EXERCISE REQUIREMENTS:
From the first line to the last, retype everything below exactly, minus the pictures.

** Opening EXERCISE DATA block **

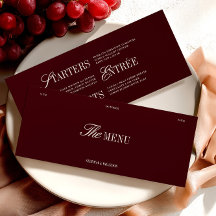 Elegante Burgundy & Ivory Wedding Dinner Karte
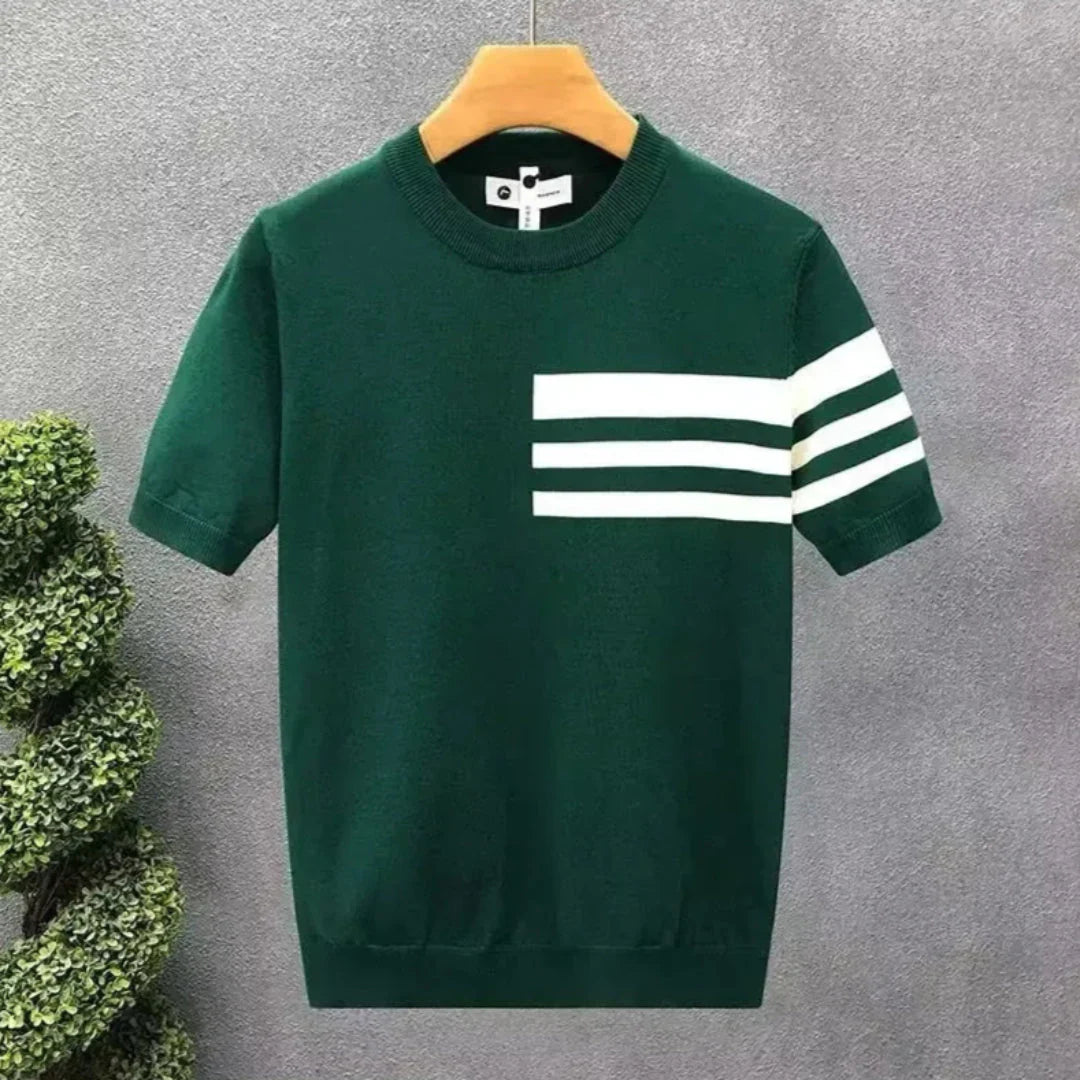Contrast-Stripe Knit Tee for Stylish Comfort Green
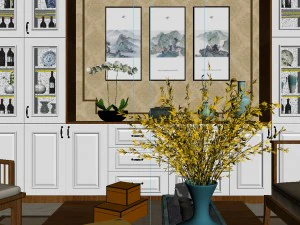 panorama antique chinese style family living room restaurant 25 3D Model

** Closing EXERCISE DATA block **

TASK ANSWER:
 Elegante Burgundy & Ivory Wedding Dinner Karte
Contrast-Stripe Knit Tee for Stylish Comfort Green
 panorama antique chinese style family living room restaurant 25 3D Model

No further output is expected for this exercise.